Set down a true copy of the data, with all pictures left out.

◆ Captioned web images ◆
★ ★ ★ ★ ★ ★ ★

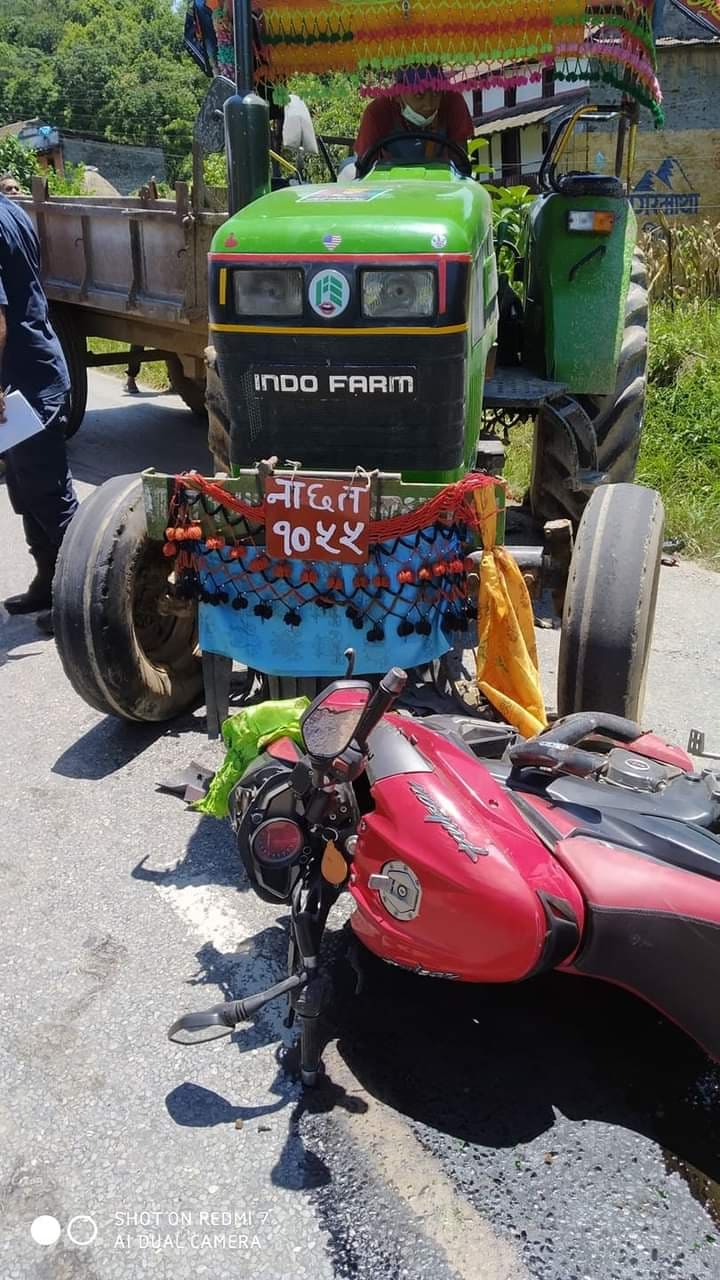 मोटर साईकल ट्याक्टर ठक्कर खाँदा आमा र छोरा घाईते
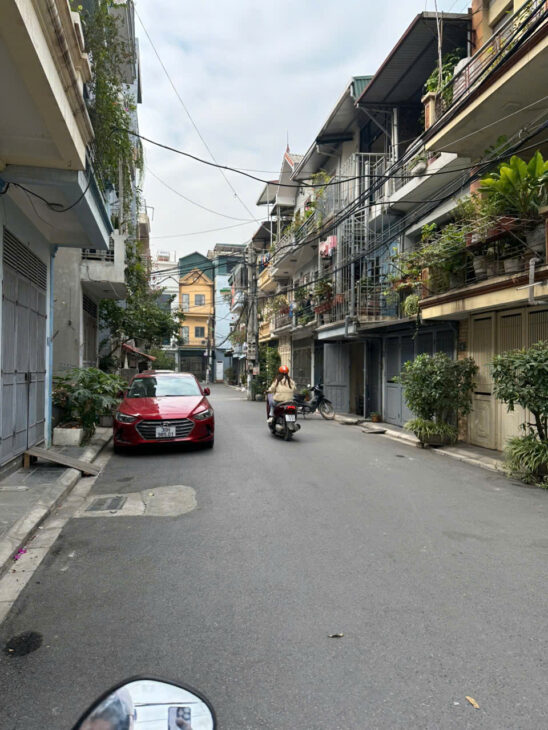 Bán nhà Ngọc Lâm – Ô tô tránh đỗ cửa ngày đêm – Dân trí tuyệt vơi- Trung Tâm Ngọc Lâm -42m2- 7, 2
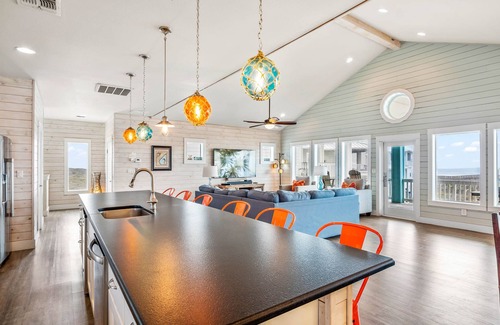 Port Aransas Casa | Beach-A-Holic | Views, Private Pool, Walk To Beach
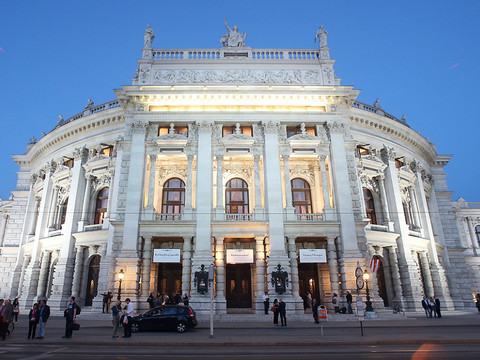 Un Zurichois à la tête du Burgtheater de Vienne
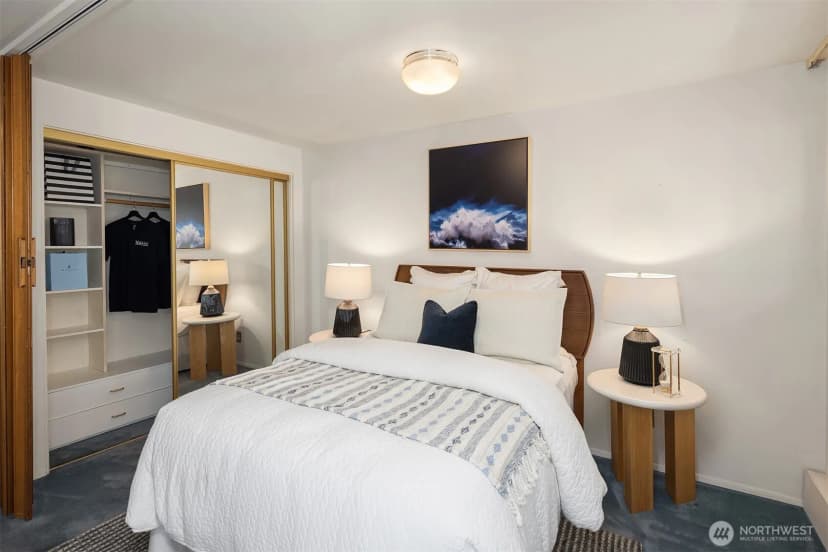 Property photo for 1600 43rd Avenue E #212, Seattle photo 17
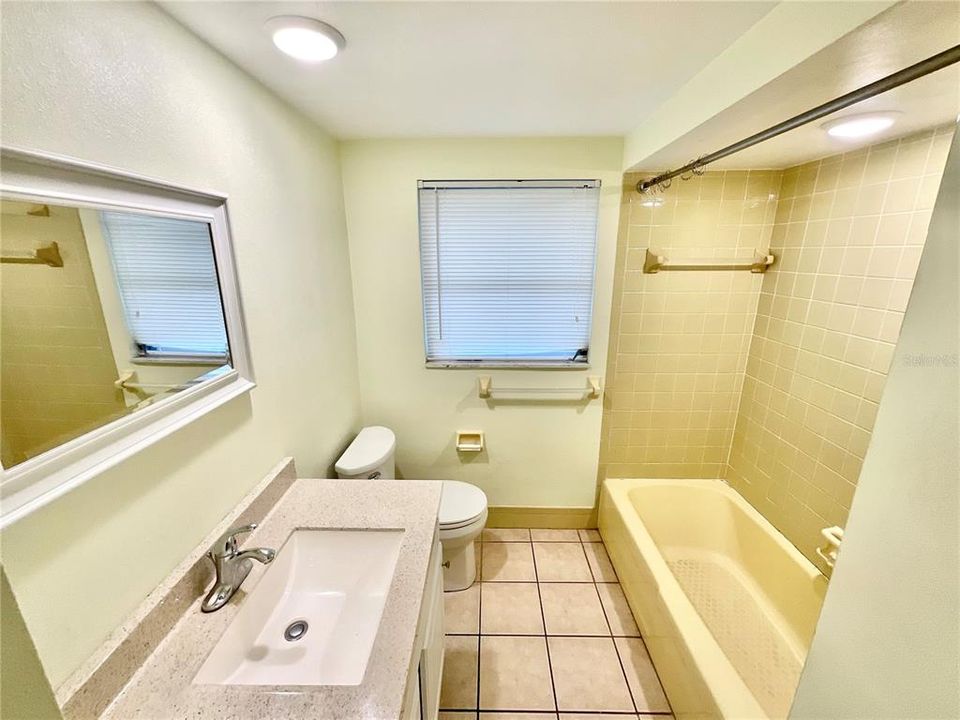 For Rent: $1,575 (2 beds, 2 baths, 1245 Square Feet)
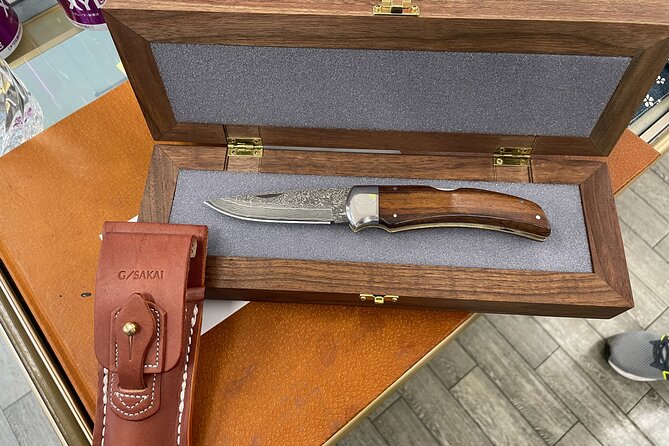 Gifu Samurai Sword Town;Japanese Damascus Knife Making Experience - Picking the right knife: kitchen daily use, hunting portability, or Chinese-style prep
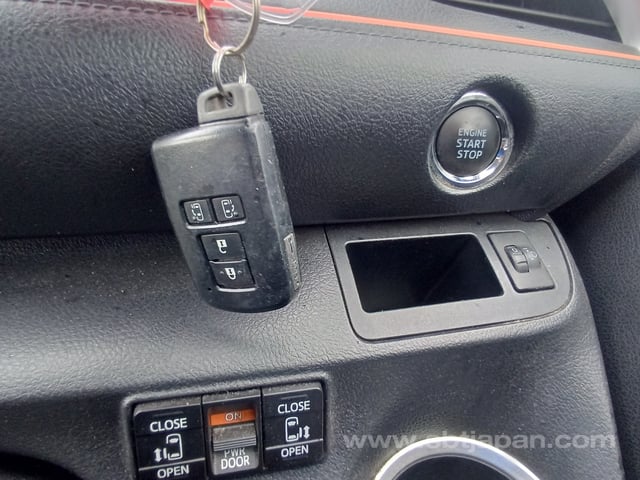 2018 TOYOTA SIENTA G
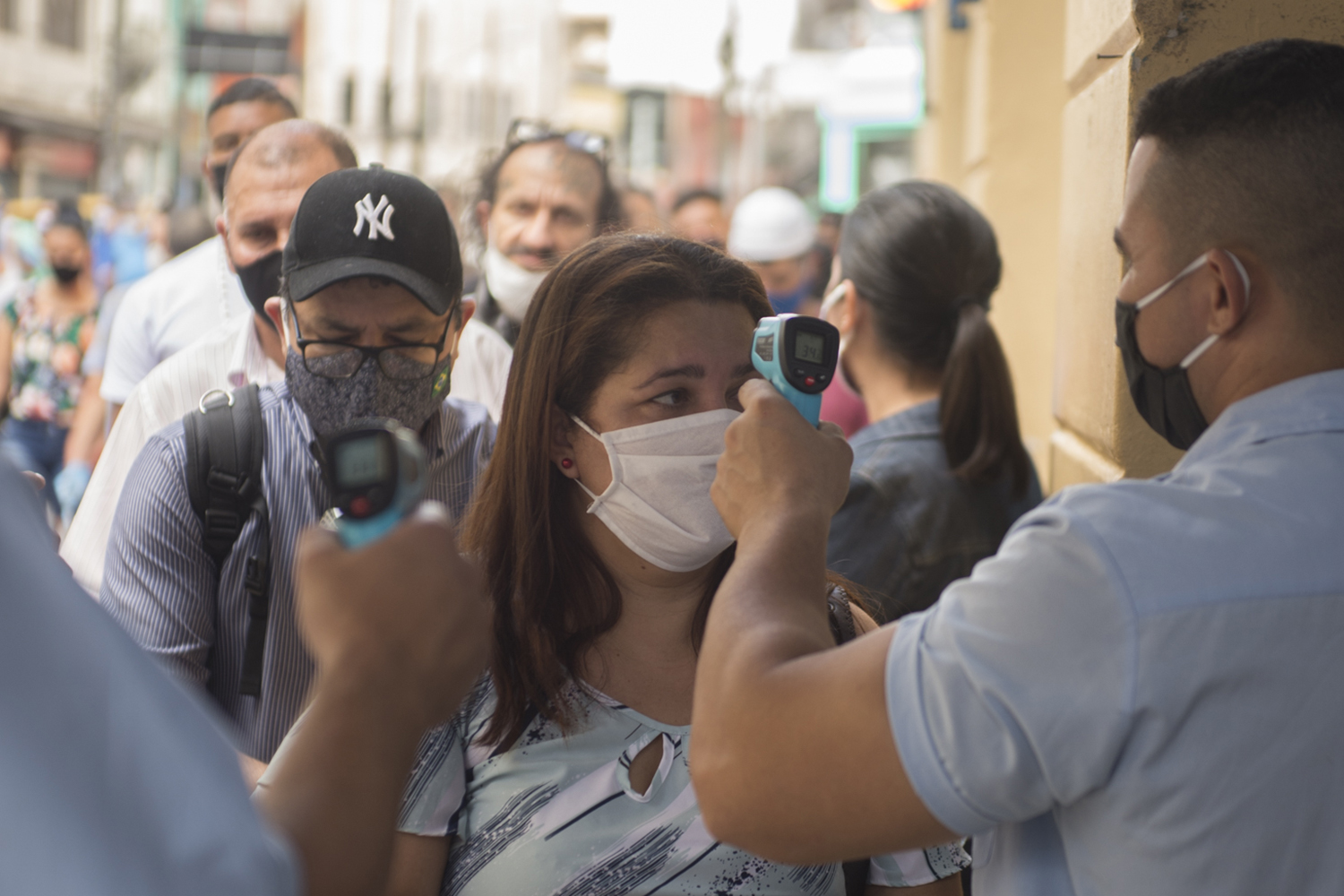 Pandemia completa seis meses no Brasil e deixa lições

★ ★ ★ ★ ★ ★ ★

◆ SOLVED EXERCISE ◆
 मोटर साईकल ट्याक्टर ठक्कर खाँदा आमा र छोरा घाईते
 Bán nhà Ngọc Lâm – Ô tô tránh đỗ cửa ngày đêm – Dân trí tuyệt vơi- Trung Tâm Ngọc Lâm -42m2- 7, 2
 Port Aransas Casa | Beach-A-Holic | Views, Private Pool, Walk To Beach
 Un Zurichois à la tête du Burgtheater de Vienne
 Property photo for 1600 43rd Avenue E #212, Seattle photo 17
 For Rent: $1,575 (2 beds, 2 baths, 1245 Square Feet)
 Gifu Samurai Sword Town;Japanese Damascus Knife Making Experience - Picking the right knife: kitchen daily use, hunting portability, or Chinese-style prep
 2018 TOYOTA SIENTA G
 Pandemia completa seis meses no Brasil e deixa lições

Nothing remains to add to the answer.